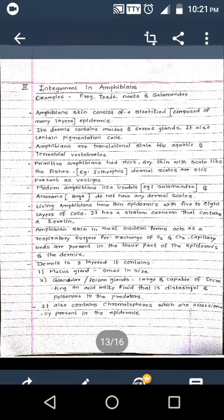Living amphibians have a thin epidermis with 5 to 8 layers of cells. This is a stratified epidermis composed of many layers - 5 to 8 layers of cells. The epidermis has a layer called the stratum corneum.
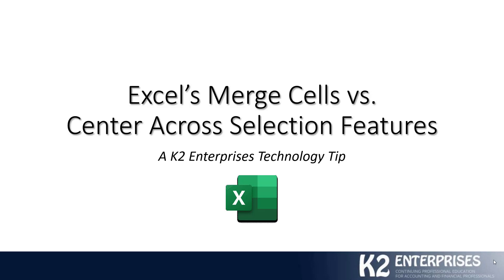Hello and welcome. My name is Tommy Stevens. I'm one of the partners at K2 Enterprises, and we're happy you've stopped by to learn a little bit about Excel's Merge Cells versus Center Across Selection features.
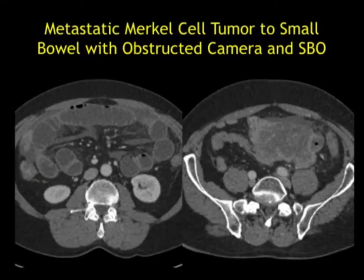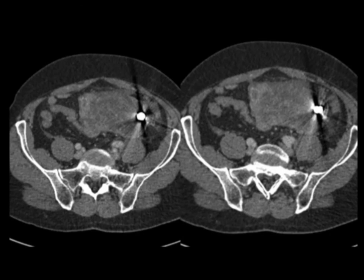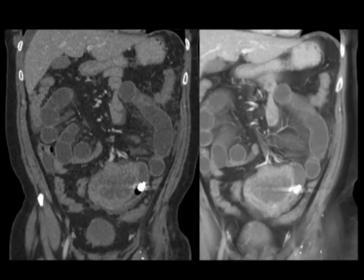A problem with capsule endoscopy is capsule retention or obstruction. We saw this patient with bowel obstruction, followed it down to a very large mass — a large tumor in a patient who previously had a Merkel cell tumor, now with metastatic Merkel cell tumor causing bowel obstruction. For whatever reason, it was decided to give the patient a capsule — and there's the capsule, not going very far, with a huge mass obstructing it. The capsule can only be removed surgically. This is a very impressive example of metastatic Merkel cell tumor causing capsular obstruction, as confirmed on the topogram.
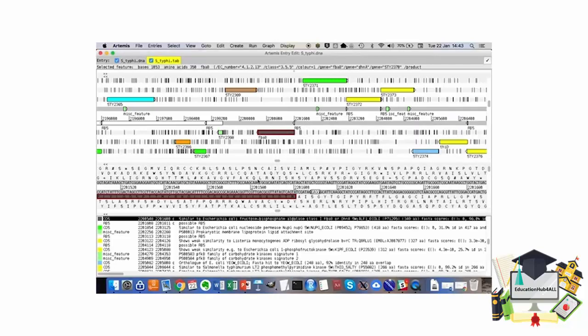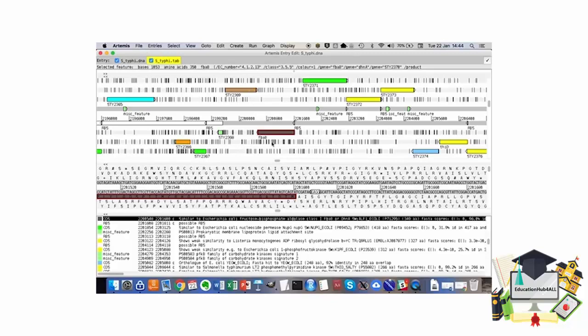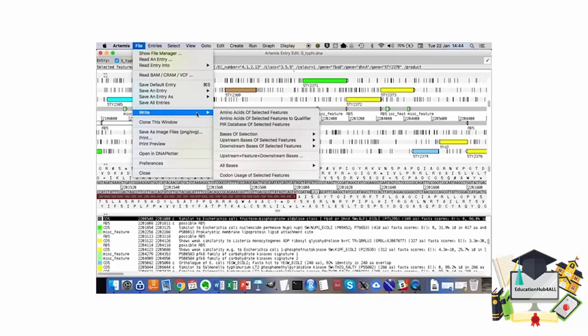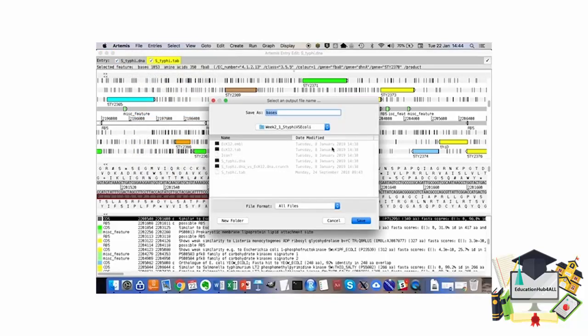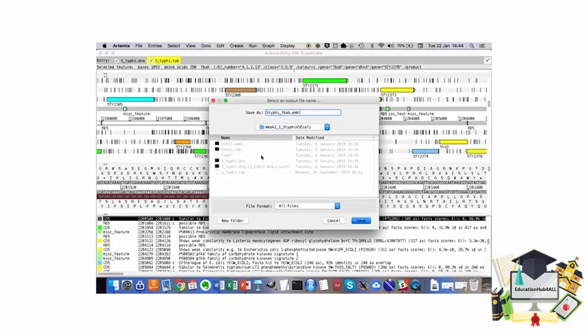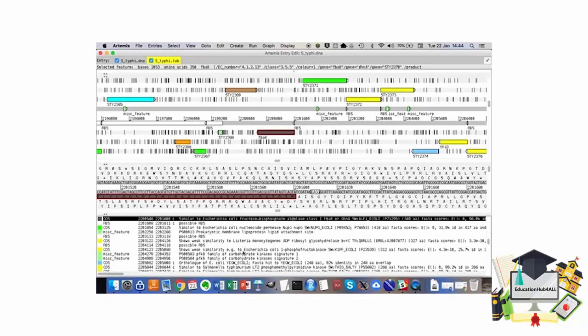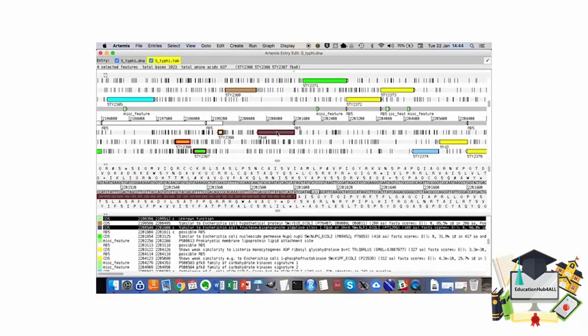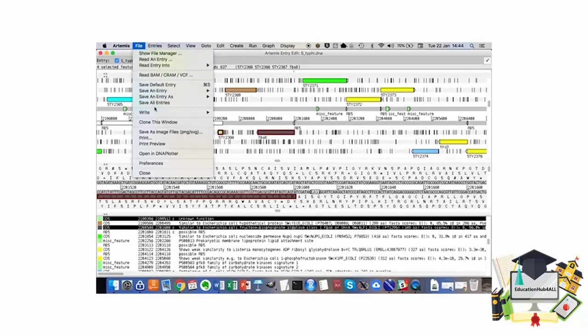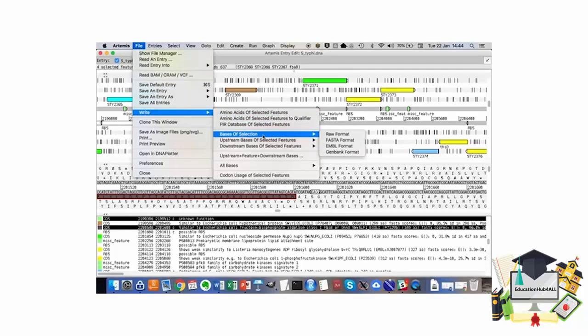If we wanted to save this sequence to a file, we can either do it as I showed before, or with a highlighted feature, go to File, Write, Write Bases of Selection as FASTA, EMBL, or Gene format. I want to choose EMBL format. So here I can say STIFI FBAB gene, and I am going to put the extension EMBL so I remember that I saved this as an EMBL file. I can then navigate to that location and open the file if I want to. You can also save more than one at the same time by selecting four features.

■ **Task objective**:
Every line of the material above must be written out exactly, with no pictures.

■ **Solution to this task**:
Living amphibians have a thin epidermis with 5 to 8 layers of cells. This is a stratified epidermis composed of many layers - 5 to 8 layers of cells. The epidermis has a layer called the stratum corneum.
Hello and welcome. My name is Tommy Stevens. I'm one of the partners at K2 Enterprises, and we're happy you've stopped by to learn a little bit about Excel's Merge Cells versus Center Across Selection features.
A problem with capsule endoscopy is capsule retention or obstruction. We saw this patient with bowel obstruction, followed it down to a very large mass — a large tumor in a patient who previously had a Merkel cell tumor, now with metastatic Merkel cell tumor causing bowel obstruction. For whatever reason, it was decided to give the patient a capsule — and there's the capsule, not going very far, with a huge mass obstructing it. The capsule can only be removed surgically. This is a very impressive example of metastatic Merkel cell tumor causing capsular obstruction, as confirmed on the topogram.
If we wanted to save this sequence to a file, we can either do it as I showed before, or with a highlighted feature, go to File, Write, Write Bases of Selection as FASTA, EMBL, or Gene format. I want to choose EMBL format. So here I can say STIFI FBAB gene, and I am going to put the extension EMBL so I remember that I saved this as an EMBL file. I can then navigate to that location and open the file if I want to. You can also save more than one at the same time by selecting four features.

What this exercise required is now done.